En Inde, même la beauté est différente. Pas seulement les goûts et ce qui est jugé beau, mais la définition même de beauté. Ici, la beauté n’a pas de poids, pas de grandeur ni de mensurations. Ici, la beauté n’est pas une question de masse graisseuse, de masse musculaire, ni de tour de taille ou de tour de poitrine. La beauté est aussi vaste que le spectre des couleurs et aussi désincarnée comme la lumière. On se coiffe, on se « bijoute », on se parfume. On se pare de fleurs, de soie, d’or et de pierres.

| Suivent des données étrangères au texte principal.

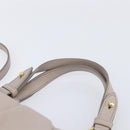 Miu Miu Hand Bag Leather 2way Gray Gold Auth 167897A-10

On s’orne les oreilles, le cou, les bras, le nez, les doigts, les oreilles, les chevilles; on se peint le front, les mains et les pieds; on arbore ses plus beaux saris, même pour aller au marché ou travailler aux champs. Ici, on est coquet à souhait, mais la beauté dépasse le corps. En fait, ici le corps reprend son statut de corps. Il est remis à sa place. Il n’est pas roi. Ce n’est pas un absolu. Ici, le corps est une enveloppe qui abrite quelque chose de plus grand. Ici, le corps sert à travailler, à se déplacer, à enfanter. Ici, on reconnaît qu’il est fait de sang, de chair, de muscle, d’organes et de peau, parce qu’à chaque moment on se rappelle sa fragilité et sa vulnérabilité. Ici, on accepte la mort. On accepte la vieillesse. On ne se bas pas contre la fatalité. Ici, le corps mérite d’être nourri, abreuvé, reposé, et décoré. Ici, le corps abrite l’esprit, où réside une autre beauté.

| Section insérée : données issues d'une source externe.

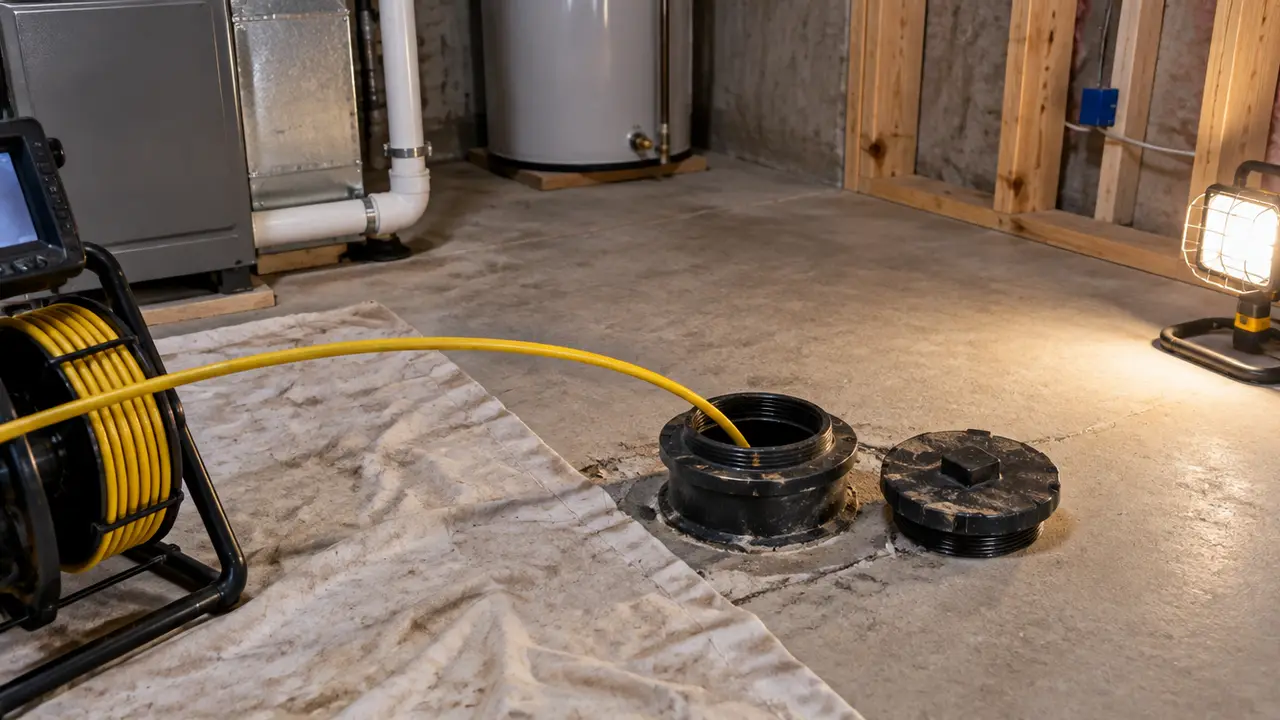 A sewer camera cable fed into an open basement cleanout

Flash back no. 6: J’ai 32 ans. Je suis en Inde depuis 4 semaines, et après avoir fait du volontariat dans un orphelinat, un séjour dans une ville utopique, une rando dans les plantations de thé, un safari sans animaux, une ride de char de 10 heures et une retraite dans un ashram, je suis prête pour de nouveaux défis : le massage ayurvédique. Je ne sais pas du tout à quoi m’attendre. Ma thérapeute baragouine autant l’anglais que moi le Malayalam. Après quelques minutes de jeu de mime, je comprends enfin sa demande. À poil.

Je suis arrivée en Inde complexée comme 10 : trop rouge, trop grasse, trop frisée, trop musclée, trop pas assez. J’étais apte à intellectualiser des concepts comme la beauté intérieure, mais je n’arrivais pas du tout à en comprendre le sens. Et soudain, ça me frappe. Comme un coup de panchakarma, un grand coup en plein ventre : On s’en fout. Après un mois à tenter de prémunir les Indiens de ma potentielle obscénité en veillant à me couvrir le plus possible, je me retrouve complètement nue devant cette femme que je ne connais pas. Et soudain mon corps redevient un corps. Un corps qui a faim, qui a soif, qui a chaud, en ta, qui a mal, qui court, qui nage, qui voyage, qui vieillit, qui courbature, qui frisonne, qui transpire. Le corps est tellement de choses et tellement rien en même temps. Lui attribuer toute la valeur d’un individu basée sur des critères à la fois subjectifs et flous, ça n’a pas de sens. On adore son corps, au sens d’une relique parce qu’on lui voue un culte et en même temps, on le déteste parce qu’il n’est pas à l’image de l’idéal qui défini la beauté. C’est un peu drôle quand j’y pense. J’ai perdu telllllllement de temps à détester mon corps, parce que je ne l’adorais pas, et telllllllement de temps à l’adorer, à lui accorder une importance démesurée alors que je le détestais. Peut-être est-il temps de remettre les point sur les « i » et les yeux en face des trous : l’Inde, comme le corps, n’a pas a être adorée ou détestée. Elle peut être appréciée dans toutes ses nuances, ses paradoxes et ses subtilités.

Namaste

p.s. Je pense que j’ai un peu de sang indien en moi. Je me suis d’ailleurs mise à la mode d’ici : j’ai troqué le noir contre la couleur, j’ai adopté les bijoux et la bédaine! Vive le naan!